“I’m not an actor, I’m a [starship captain and superhero’s boyfriend] star!”
On Scrubs, the Janitor once referred to guest actor Scott Foley as “stunningly handsome, full-lipped guy,” a nickname so comically apt that my wife and I refer to him that way to this day. Chris Pine is another of those guys, his movie star handsomeness so artificially perfect one suspects he might have been grown in a secret Hollywood lab. Luckily for us, Pine (and the same goes for Foley) has a lot more personality lurking in that action figure presence, something that Saturday Night Live exploited to consistently funny effect in one of the best episodes of the season.
While Pine’s done some musical theater work, he’s not a great singer. He is, however, great at acting while he’s singing, something that kept coming back again and again through the episode. I counted five sketches (including the musical monologue, where he unsuccessfully differentiated himself from the three other superhero Chrises out there) that were built around Pine’s singing. There was also one centered on his his lip-syncing skills, and another where his wordless dancing alongside Mikey Day provided the most purely joyous few minutes of this 42nd season. It was a conceit that was all the funnier for how little immediate sense it made. I mean, if you’ve got a Timberlake, Anna Kendrick, or Drake in the house, then maybe, but Pine just kept belting out songs in sketch after solid sketch, and it always worked.
It helped that those sketches were all conceptually sound, eschewing easy laughs for imaginative weirdness. And Pine worked each sketch like a very confident pro, finding his character and keeping the integrity of the writerly pieces, whether decked out in leather pants and Tommy Wiseau wig in a music video, in office attire unexpectedly joining bosses Vanessa Bayer and Aidy Bryant’s seduction duet, or teaming with Cecily Strong to steal game night thunder with a perfectly melodramatic love theme from Frazier: The Musical, Pine killed.
Weekend Update update
Jost and Che were on, too, taking up the week in Trump-ian idiocy and landing a steady barrage of solid jokes. The House passage of the Republicans’ most recent attempt to kill the Affordable Care Act (with their own, grotesquely cruel alternative) saw Jost touting Trump “building a wall between Americans and their health care,” and pondering the bill’s proposed list of horrible policies, including mandated exploding wheelchairs for children. (“That’s not true—But isn’t it troubling that, for a second, you thought it might be?”) Che was right in it, too, describing Trump and the Republicans’ rah-rah, all-white garden party celebration as looking like “they just invented sickle cell.” Che continues to ply his image as the roguish bad boy courting controversy, here mocking the idea that “Trumpcare” treats pregnancy as a pre-existing condition by joking that he’s tried that line on women before, with no success. With SNL’s number one anti-fan in the White House very publically watching, these were solid jokes that found the absurdity in what’s become the country’s unsettling reality and found just the right angle to stick the knife in. Jost’s joke about a number of Republicans voting to strip millions of health care despite not having read the bill (treating it like “an iTunes agreement”) is the sort of analogy that’s just the right shade of clever to make the joke sting.
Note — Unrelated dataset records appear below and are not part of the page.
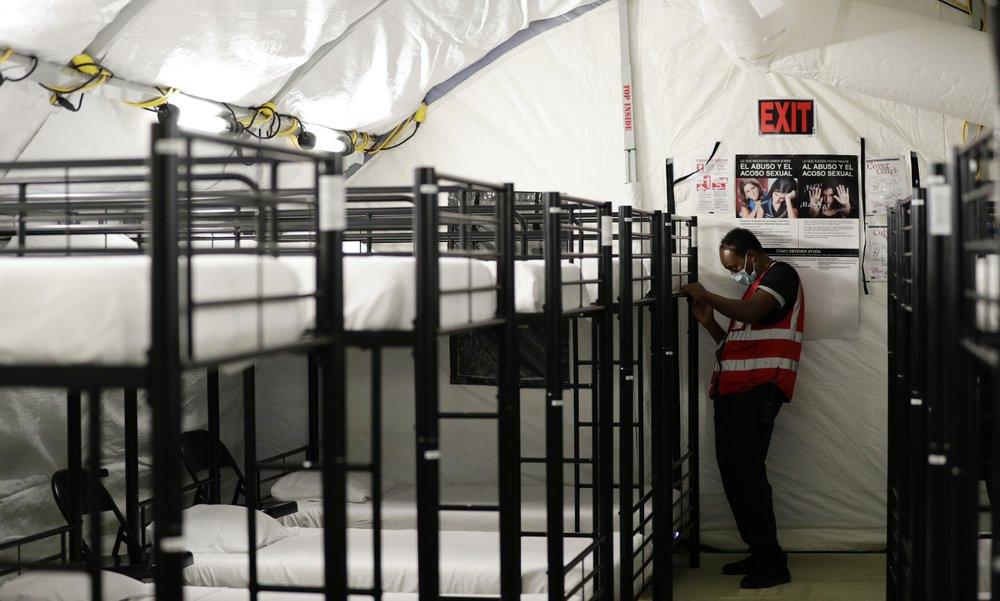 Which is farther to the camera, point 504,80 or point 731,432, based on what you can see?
point 504,80

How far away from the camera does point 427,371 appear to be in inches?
112

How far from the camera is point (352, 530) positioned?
212 inches

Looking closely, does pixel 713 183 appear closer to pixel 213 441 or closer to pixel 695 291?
pixel 695 291

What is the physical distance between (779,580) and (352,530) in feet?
7.45

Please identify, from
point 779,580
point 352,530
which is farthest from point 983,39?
point 352,530

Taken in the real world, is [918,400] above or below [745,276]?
below

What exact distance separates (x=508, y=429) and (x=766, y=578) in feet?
8.92

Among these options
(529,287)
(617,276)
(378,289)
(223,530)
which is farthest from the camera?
(617,276)

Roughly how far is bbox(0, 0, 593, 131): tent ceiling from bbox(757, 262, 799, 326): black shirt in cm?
196

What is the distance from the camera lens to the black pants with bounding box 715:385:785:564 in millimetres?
5602

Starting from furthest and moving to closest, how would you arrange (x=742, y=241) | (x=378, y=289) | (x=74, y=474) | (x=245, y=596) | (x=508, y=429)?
(x=742, y=241)
(x=74, y=474)
(x=245, y=596)
(x=508, y=429)
(x=378, y=289)

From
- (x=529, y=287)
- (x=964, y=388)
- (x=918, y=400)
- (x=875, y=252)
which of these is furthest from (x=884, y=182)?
(x=964, y=388)

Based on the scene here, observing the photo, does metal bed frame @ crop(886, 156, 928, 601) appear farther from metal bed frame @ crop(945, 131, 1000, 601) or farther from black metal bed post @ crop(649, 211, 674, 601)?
metal bed frame @ crop(945, 131, 1000, 601)

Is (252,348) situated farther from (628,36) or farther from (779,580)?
(628,36) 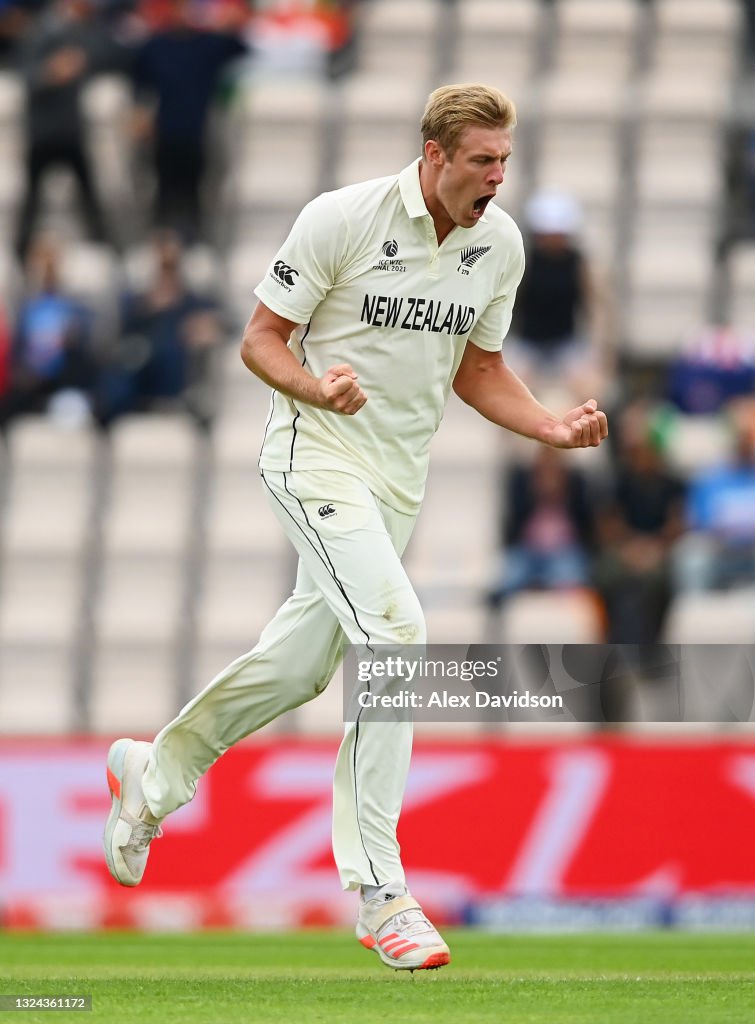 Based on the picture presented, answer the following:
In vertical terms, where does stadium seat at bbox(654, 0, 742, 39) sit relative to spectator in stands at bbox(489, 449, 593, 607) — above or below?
above

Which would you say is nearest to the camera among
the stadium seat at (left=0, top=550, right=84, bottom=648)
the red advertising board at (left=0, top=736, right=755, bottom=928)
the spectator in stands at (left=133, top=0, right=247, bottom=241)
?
the red advertising board at (left=0, top=736, right=755, bottom=928)

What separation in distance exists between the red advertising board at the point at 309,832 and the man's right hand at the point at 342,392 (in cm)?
500

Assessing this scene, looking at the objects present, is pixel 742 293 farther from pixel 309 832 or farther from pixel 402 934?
pixel 402 934

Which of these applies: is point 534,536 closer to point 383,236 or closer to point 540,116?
point 540,116

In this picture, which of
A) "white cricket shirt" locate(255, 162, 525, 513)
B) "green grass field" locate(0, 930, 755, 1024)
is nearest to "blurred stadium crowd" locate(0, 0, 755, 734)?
"green grass field" locate(0, 930, 755, 1024)

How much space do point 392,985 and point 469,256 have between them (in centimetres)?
197

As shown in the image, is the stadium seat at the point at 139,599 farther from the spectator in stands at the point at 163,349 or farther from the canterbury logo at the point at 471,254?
the canterbury logo at the point at 471,254

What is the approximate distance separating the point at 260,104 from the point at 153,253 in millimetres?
→ 1625

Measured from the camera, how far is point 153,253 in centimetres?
1312

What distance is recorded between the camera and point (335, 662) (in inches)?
227

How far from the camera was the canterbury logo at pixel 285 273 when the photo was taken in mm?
5469

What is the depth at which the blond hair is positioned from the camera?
17.4 ft

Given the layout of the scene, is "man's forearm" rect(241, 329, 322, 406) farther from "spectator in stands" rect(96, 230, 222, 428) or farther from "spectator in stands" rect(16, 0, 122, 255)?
"spectator in stands" rect(16, 0, 122, 255)

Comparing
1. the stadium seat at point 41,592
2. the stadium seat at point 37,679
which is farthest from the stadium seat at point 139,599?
the stadium seat at point 37,679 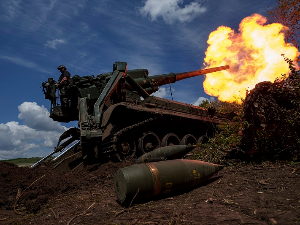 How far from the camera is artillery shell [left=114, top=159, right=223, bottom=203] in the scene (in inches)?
198

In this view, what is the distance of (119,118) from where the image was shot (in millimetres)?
11570

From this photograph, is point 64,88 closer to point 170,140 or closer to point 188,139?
point 170,140

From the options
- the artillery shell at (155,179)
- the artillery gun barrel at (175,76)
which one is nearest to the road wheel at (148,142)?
the artillery gun barrel at (175,76)

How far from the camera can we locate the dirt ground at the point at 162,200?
160 inches

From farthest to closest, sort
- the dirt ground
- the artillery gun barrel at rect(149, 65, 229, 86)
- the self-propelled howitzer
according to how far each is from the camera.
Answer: the artillery gun barrel at rect(149, 65, 229, 86), the self-propelled howitzer, the dirt ground

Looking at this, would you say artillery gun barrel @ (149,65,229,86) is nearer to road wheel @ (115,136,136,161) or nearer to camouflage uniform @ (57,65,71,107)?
camouflage uniform @ (57,65,71,107)

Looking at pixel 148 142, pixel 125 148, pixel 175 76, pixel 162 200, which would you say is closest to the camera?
pixel 162 200

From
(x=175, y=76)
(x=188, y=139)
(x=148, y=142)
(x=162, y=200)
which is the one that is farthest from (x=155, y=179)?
(x=175, y=76)

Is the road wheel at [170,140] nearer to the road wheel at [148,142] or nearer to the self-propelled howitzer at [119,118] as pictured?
the self-propelled howitzer at [119,118]

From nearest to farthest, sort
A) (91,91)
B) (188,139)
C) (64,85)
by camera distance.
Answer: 1. (91,91)
2. (64,85)
3. (188,139)

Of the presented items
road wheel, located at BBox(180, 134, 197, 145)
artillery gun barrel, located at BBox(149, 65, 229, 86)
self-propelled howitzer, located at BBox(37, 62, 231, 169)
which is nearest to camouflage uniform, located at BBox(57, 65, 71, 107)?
self-propelled howitzer, located at BBox(37, 62, 231, 169)

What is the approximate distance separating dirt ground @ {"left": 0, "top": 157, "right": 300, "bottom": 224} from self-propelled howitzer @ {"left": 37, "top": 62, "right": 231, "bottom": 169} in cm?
197

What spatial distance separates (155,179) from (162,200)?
1.76 ft

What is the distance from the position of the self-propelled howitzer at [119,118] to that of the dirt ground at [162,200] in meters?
1.97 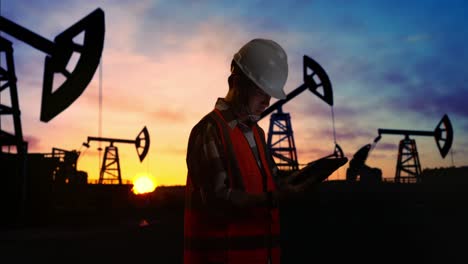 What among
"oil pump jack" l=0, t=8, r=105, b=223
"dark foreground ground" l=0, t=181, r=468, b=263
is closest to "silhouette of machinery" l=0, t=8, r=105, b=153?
"oil pump jack" l=0, t=8, r=105, b=223

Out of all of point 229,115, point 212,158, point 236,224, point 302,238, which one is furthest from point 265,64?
point 302,238

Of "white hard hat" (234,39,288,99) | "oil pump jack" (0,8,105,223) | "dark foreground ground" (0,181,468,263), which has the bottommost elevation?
"dark foreground ground" (0,181,468,263)

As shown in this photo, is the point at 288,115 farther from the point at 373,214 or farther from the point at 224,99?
the point at 224,99

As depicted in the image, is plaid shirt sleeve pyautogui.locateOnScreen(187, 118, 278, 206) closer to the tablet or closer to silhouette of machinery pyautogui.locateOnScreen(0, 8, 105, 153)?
the tablet

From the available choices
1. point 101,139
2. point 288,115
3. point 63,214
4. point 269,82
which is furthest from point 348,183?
point 269,82

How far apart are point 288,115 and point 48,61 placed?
133 feet

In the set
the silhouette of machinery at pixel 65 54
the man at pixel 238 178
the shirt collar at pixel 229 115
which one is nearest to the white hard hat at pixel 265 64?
the man at pixel 238 178

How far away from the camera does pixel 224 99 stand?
2053 millimetres

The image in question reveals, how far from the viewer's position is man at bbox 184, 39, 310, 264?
1815 millimetres

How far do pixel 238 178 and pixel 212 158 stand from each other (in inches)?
5.4

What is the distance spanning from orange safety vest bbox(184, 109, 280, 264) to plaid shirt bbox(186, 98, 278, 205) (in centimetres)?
3

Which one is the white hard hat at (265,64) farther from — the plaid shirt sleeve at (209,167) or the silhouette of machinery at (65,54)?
the silhouette of machinery at (65,54)

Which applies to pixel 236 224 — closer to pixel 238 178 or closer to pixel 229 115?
pixel 238 178

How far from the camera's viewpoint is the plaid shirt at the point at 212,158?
179cm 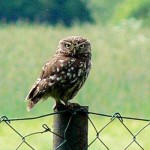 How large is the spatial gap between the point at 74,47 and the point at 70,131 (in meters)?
1.67

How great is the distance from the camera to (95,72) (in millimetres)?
15367

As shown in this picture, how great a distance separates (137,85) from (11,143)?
5135 millimetres

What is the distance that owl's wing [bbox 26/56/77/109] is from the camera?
4.67m

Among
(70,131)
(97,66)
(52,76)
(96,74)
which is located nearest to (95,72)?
(96,74)

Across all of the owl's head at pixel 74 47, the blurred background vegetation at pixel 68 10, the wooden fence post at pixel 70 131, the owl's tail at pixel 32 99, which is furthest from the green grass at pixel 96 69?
the blurred background vegetation at pixel 68 10

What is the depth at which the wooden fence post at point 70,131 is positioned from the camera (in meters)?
3.77

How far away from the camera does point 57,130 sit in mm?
3773

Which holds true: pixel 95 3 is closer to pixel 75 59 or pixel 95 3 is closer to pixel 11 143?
pixel 11 143

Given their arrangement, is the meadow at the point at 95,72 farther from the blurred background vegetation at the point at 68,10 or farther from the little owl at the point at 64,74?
the blurred background vegetation at the point at 68,10

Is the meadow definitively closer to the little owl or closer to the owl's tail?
the little owl

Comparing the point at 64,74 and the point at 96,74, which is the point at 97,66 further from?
the point at 64,74

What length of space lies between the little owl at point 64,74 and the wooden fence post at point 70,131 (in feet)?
2.41

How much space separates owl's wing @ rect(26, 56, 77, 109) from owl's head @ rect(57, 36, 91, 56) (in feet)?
0.33

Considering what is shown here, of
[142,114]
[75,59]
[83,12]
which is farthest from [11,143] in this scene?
[83,12] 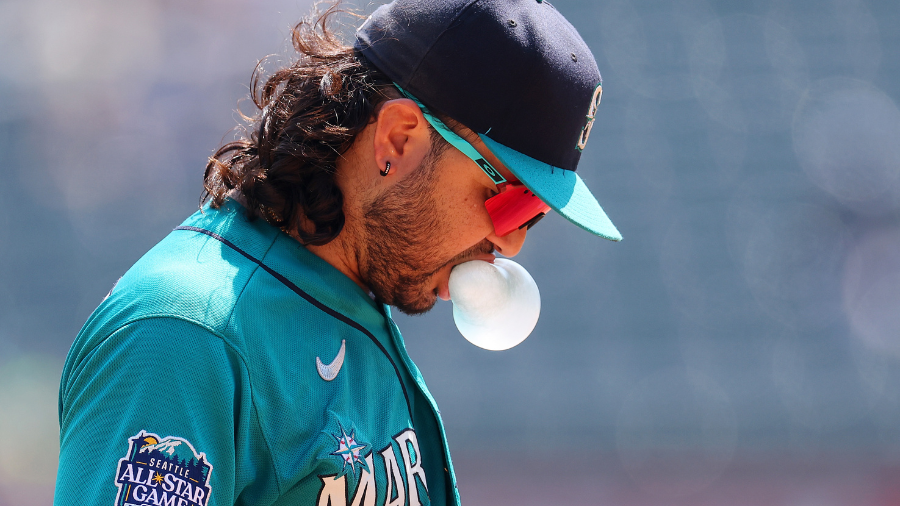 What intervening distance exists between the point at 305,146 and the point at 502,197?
→ 1.43ft

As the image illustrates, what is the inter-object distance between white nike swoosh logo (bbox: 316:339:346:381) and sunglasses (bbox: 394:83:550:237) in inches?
18.0

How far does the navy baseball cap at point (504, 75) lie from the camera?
1.51 metres

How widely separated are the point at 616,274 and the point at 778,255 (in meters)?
1.42

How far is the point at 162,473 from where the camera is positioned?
41.6 inches

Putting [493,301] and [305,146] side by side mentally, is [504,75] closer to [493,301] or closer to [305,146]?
[305,146]

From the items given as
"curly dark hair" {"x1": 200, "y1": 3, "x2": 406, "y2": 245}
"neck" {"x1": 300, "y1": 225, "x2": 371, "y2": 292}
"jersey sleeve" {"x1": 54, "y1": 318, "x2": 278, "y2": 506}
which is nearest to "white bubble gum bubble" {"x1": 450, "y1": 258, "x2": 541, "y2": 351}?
"neck" {"x1": 300, "y1": 225, "x2": 371, "y2": 292}

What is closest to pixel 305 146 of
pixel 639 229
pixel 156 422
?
pixel 156 422

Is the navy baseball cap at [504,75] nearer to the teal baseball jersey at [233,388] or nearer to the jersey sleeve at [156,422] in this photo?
the teal baseball jersey at [233,388]

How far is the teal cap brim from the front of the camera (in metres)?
1.52

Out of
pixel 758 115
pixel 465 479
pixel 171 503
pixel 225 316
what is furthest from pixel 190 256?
pixel 758 115

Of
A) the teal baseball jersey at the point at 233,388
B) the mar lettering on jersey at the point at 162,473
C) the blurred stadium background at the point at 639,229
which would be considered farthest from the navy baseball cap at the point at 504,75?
the blurred stadium background at the point at 639,229

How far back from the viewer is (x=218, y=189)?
1551mm

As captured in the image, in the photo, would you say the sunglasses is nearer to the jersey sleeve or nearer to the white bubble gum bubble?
the white bubble gum bubble

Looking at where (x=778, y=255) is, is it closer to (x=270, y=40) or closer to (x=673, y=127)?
Result: (x=673, y=127) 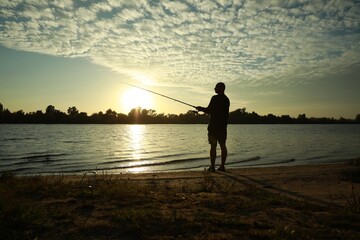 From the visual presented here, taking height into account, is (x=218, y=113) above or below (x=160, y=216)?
above

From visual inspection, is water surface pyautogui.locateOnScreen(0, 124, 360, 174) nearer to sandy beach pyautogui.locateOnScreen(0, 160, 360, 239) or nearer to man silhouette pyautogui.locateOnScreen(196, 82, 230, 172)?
man silhouette pyautogui.locateOnScreen(196, 82, 230, 172)

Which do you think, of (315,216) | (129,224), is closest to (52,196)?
(129,224)

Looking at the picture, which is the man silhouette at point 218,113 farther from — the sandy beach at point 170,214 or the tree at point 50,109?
the tree at point 50,109

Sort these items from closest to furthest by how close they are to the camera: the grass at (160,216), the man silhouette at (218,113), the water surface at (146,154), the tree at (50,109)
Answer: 1. the grass at (160,216)
2. the man silhouette at (218,113)
3. the water surface at (146,154)
4. the tree at (50,109)

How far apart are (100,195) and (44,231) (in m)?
1.91

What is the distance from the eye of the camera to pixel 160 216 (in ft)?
14.3

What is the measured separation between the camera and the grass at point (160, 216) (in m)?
3.72

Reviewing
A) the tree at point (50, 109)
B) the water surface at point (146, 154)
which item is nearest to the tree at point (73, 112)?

It’s rare I hope for a recurring segment, but any time Vanessa Bayer wants to come back as beaming, babbling meteorologist Dawn Lazarus is just fine. The joke is that Lazarus, winner of a Weekend Update contest, is too nervous to do her job is pretty basic stuff. But Bayer keeps Dawn’s glassy-eyed weatherperson nonsense so tightly controlled in the midst of the runaway train of her panic that it becomes inspired. Anyone can have flop sweat, but Bayer presents a woman so unhinged by the cameras that her mind has clearly jumped its tracks, even as her training and instincts keep her half-intelligible predictions penned into the appropriate meteorologist cadence. Virtuoso stuff from Bayer. (Her confidently nonsensical recurring word “Hap!” made me laugh every time.) And points for bringing her back with an equally perfect update later on Update.
And Leslie Jones returned as herself, giving perpetual lust object Colin Jost the news that she found love (or at least some great, island-rattling sex) on her recent Jamaican vacation. Jones is at her best as herself on the show, and here, her happy, confident silliness (voyeuristic crab impression and all) was pretty delightful. Also delightful: How she whipped the death stare on Jost when he made a “got her groove back” joke, something she’s no doubt heard a lot.
Best/worst sketch of the night
I talked earlier about this being a writers’ episode, and, whether inspired by the narrowly averted writers strike this week, there was a tickling energy to the show tonight that came much more from concept than celebrity impression or stock jokes. The “Where In The World Is KellyAnne Conway?” game show sketch, for example, plays with meta-comedy in the fact that the elaborate setup for what looks like a tired reprise of the show’s often off-kilter jokes at the expense of Trump’s once-ubiquitous spokes-liar is aborted almost immediately. Given the chance to finally start the game—after Pine and company’s theme song and Sasheer Zamata’s able Lynn Thigpen impression—the adorable little girl contestant simply asks if they could not. And so they don’t, and the sketch ends before what looks like a so-so attempt to revive a stale subject can take off.
A similar conceit powers the break room sketch, where a bunch of blue collar guy mechanics all ineffectually attempt to hide their secret appreciation for RuPaul’s Drag Race before co-workers Pine and Bobby Moynihan challenge each other to a lip-sync battle. The sketch builds in performance and character first, as the guys try to keep their offhand corrections of every detail of the show nonchalant (“The whole picture is fishy realness, but I don’t know what I know…”), before the big turn into the musical interlude is sprung. It’s exhilarating in sketch comedy when you don’t know where a bit is going, when the premise isn’t laid out in predictable lockstep. Plus, Moynihan and Pine throw themselves into their contest with some Patrick Swayze-Chris Farley-level enthusiasm.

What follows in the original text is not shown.